-- What the exercise asks --
All of the data that follows is to be written out exactly, with images excluded.

-- Given data --
--- START ---

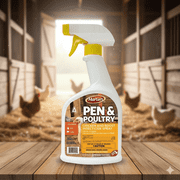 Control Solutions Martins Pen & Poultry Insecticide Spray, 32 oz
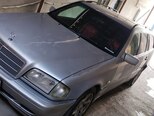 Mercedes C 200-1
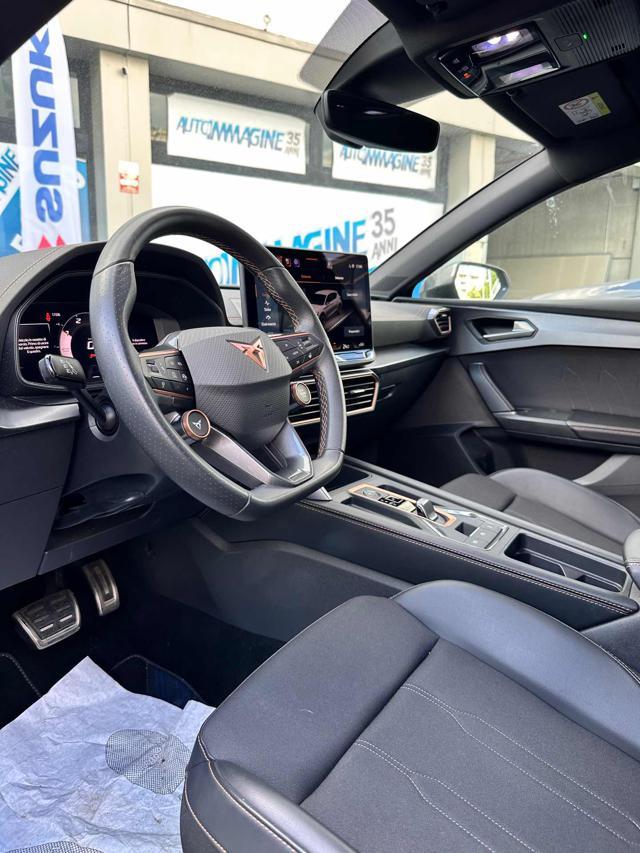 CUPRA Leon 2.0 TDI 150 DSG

--- END ---

-- Your solution --
 Control Solutions Martins Pen & Poultry Insecticide Spray, 32 oz
 Mercedes C 200-1
 CUPRA Leon 2.0 TDI 150 DSG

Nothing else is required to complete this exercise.